_Task description_.
Exclude the pictures. Transcribe exactly, and only, the lines from the one holding "501® '90s Women's" to the end of the material below.

━━━━━━━━━━━━━━━━━━━━

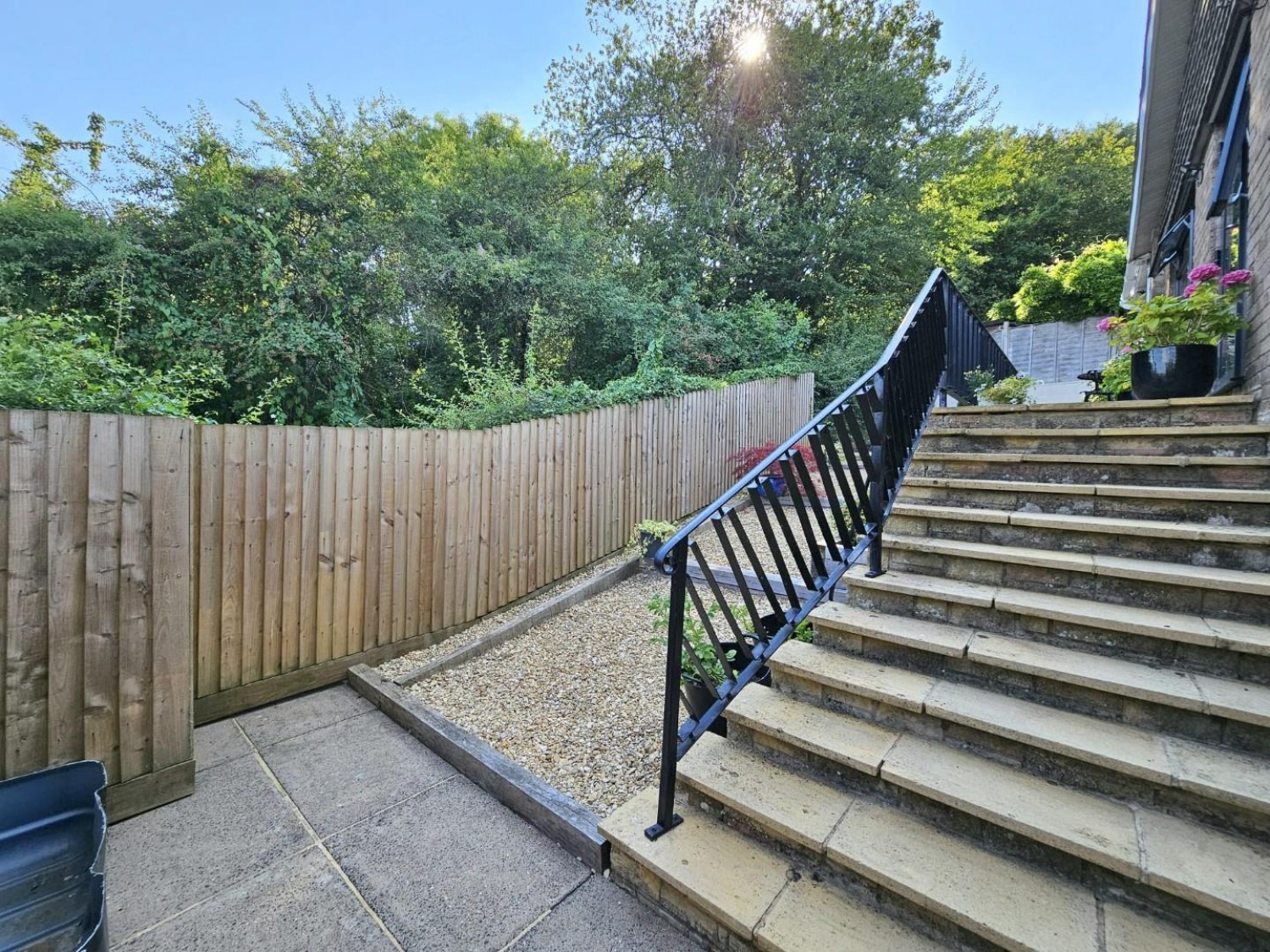 3 bedroom Bungalow for sale in Holywell Road, Norman Hill, Dursley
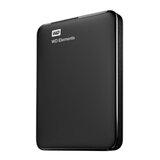 Western Digital Vanjski prijenosni disk WD Elements, USB 3.0, 1 TB | shoptok.hr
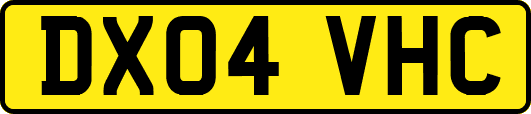 DX04VHC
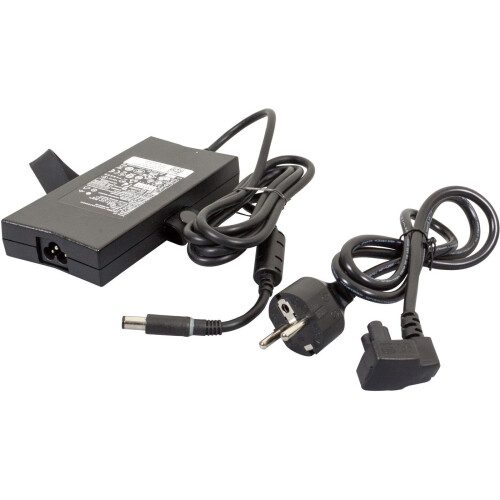 Dell Dell Power Cord - 1m 130W AC Black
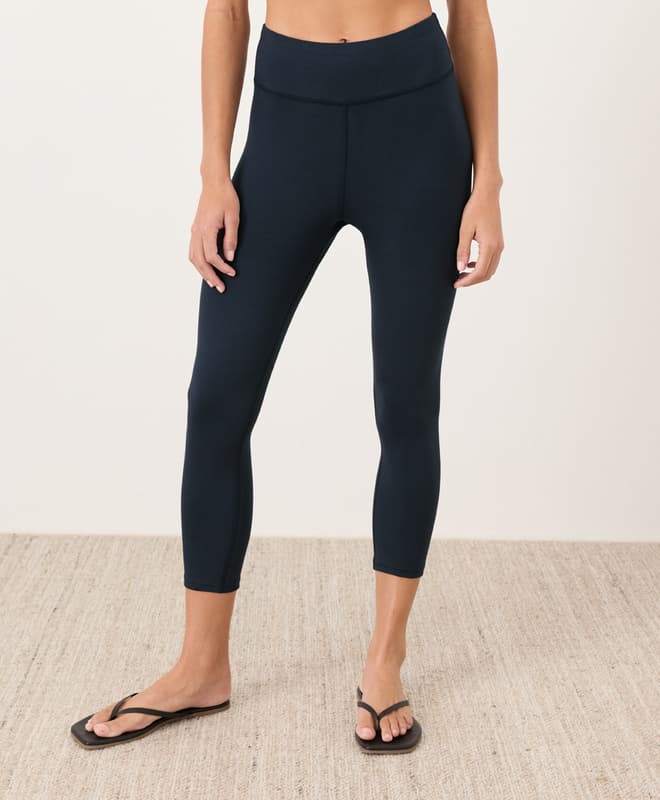 Women’s Clearance On The Go-to Cropped Legging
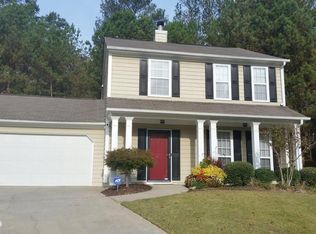 7104 Ambercrest Ct, Austell, GA 30168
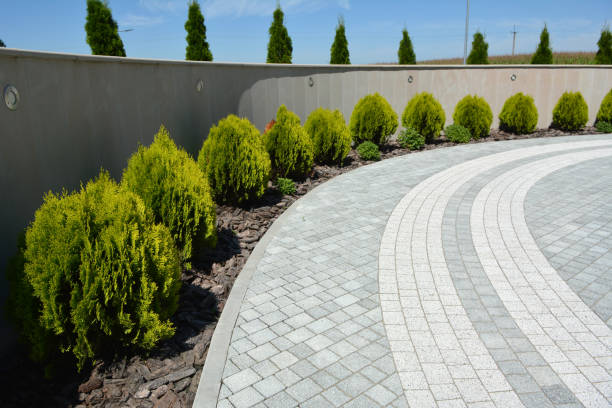 Best Cobblestone Driveway Paving in Farngton, MI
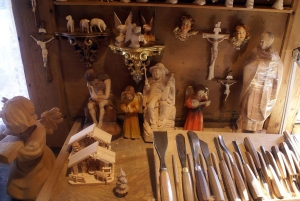 Zakopane & Tatra Mountains Private Full-Day Tour from Krakow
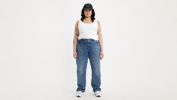 501® '90s Women's Jeans (Plus Size) sold by Levi's
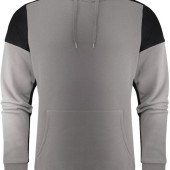 Худі Printer Prime, колір антрацит/чорний - 22620709390S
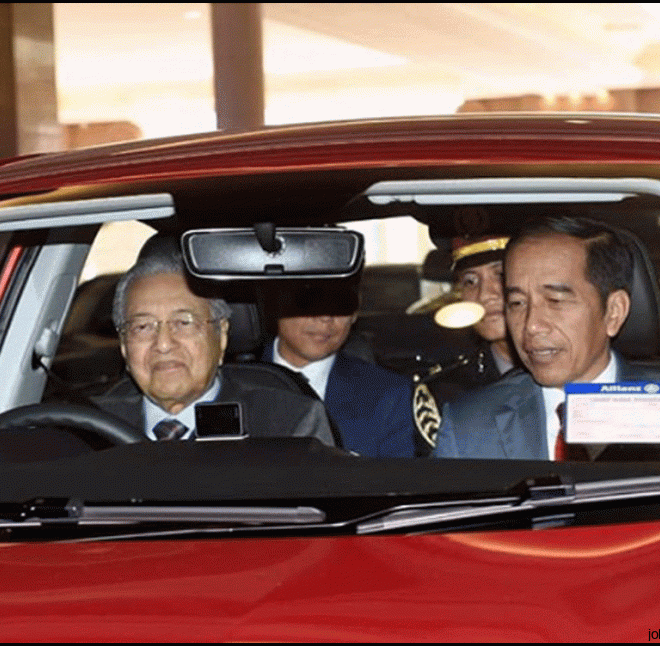 Jokowi Ke Jakarta Esemka Jadi Tidak Jelas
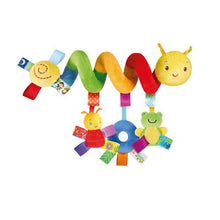 Fulljion Baby Rattles Mobiles Educational Toys For Teether Toddlers
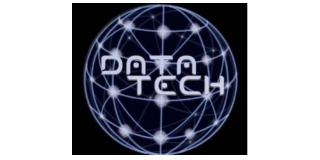 Logomarca de Datatech Telecomunicação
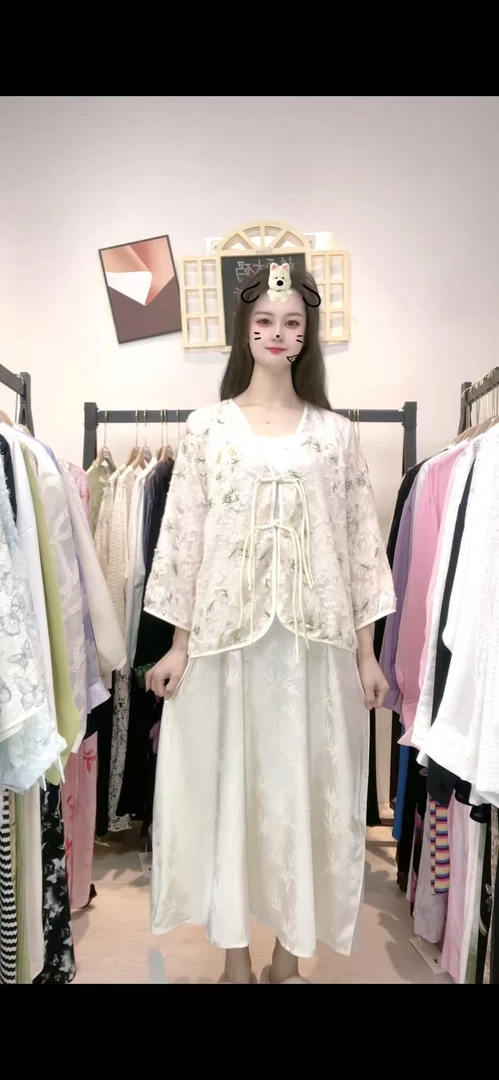【单外套N101-N170拍这里】2025年夏季网红款大码女装外套
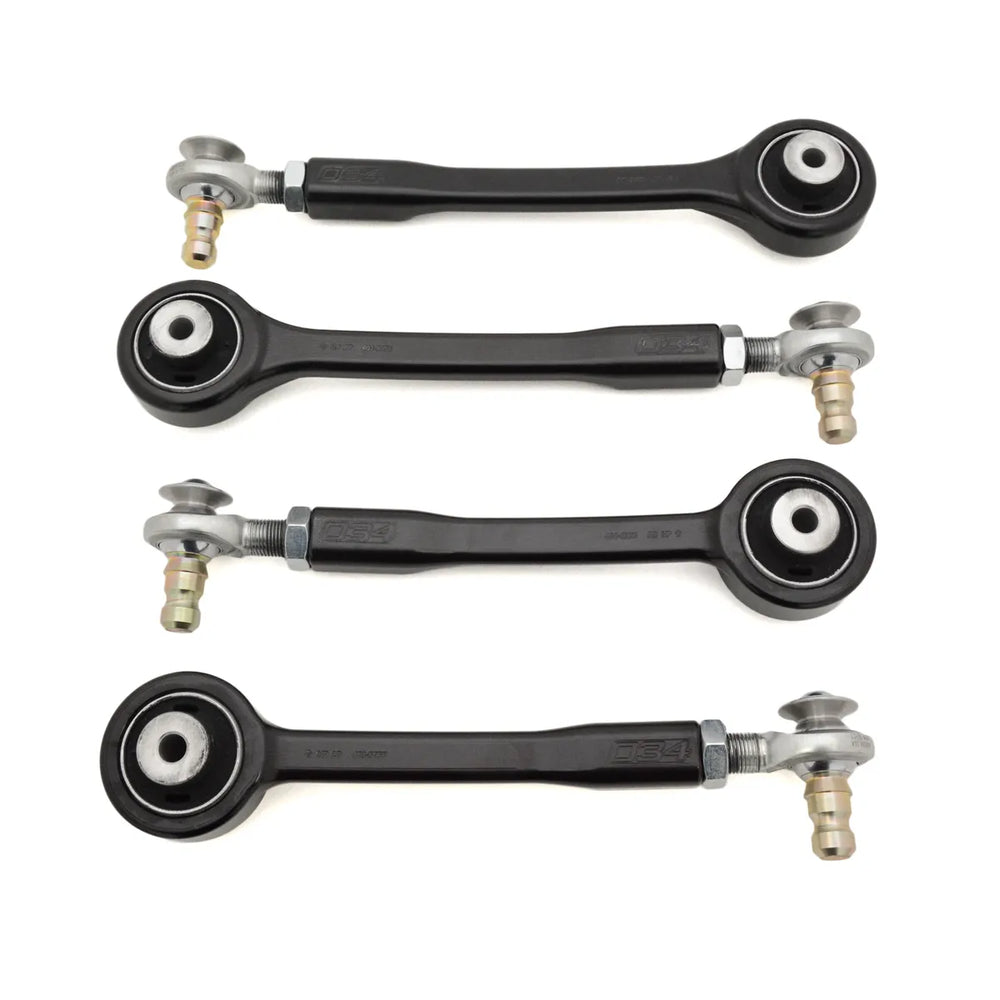 Ctrl Arm Kit, Up Adj, CC,B9 S4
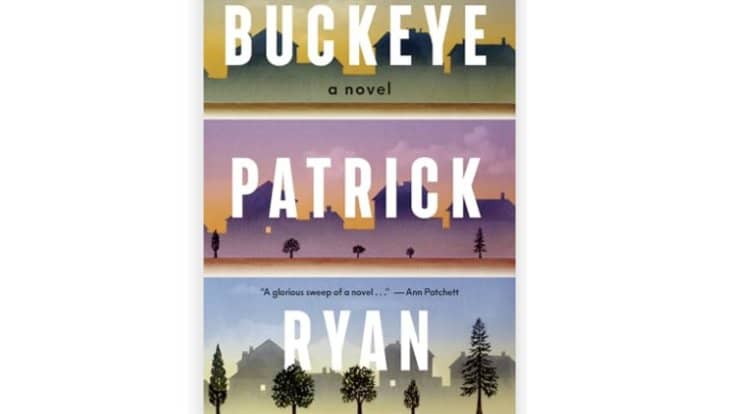 Buckeye by Patrick Ryan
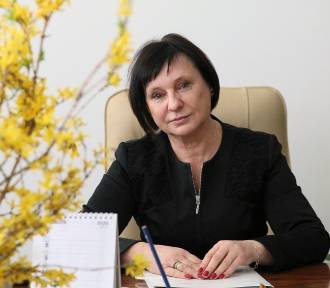 Maria Korniszuk nie jest już szefową lubelskiego sanepidu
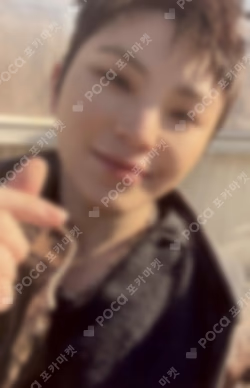 HAPPY BURSTDAY NEW ESCAPE Ver. WOOZI photocard image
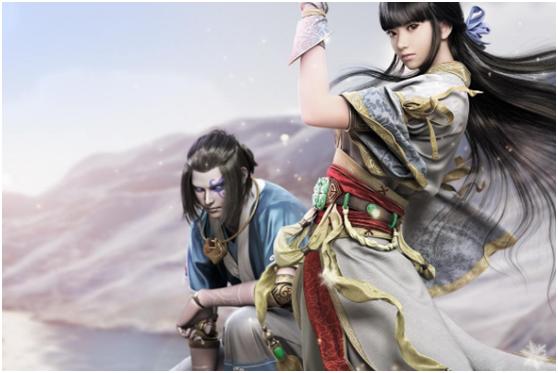 天刀手游新版本衣服,天刀手游测试服神刀视频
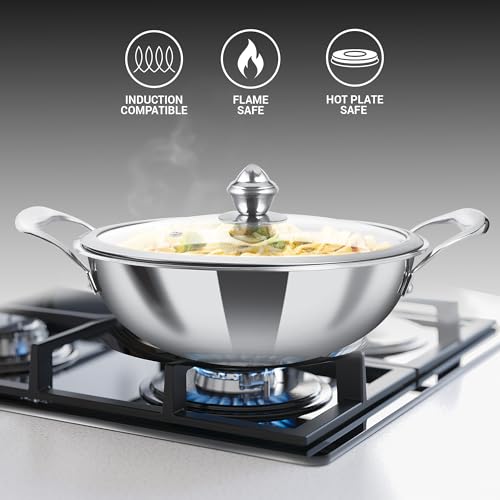 Milton Pro Cook Induction Cookware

━━━━━━━━━━━━━━━━━━━━

_Response to this exercise_.
 501® '90s Women's Jeans (Plus Size) sold by Levi's
 Худі Printer Prime, колір антрацит/чорний - 22620709390S
 Jokowi Ke Jakarta Esemka Jadi Tidak Jelas
 Fulljion Baby Rattles Mobiles Educational Toys For Teether Toddlers
 Logomarca de Datatech Telecomunicação
【单外套N101-N170拍这里】2025年夏季网红款大码女装外套
 Ctrl Arm Kit, Up Adj, CC,B9 S4
 Buckeye by Patrick Ryan
 Maria Korniszuk nie jest już szefową lubelskiego sanepidu
 HAPPY BURSTDAY NEW ESCAPE Ver. WOOZI photocard image
 天刀手游新版本衣服,天刀手游测试服神刀视频
 Milton Pro Cook Induction Cookware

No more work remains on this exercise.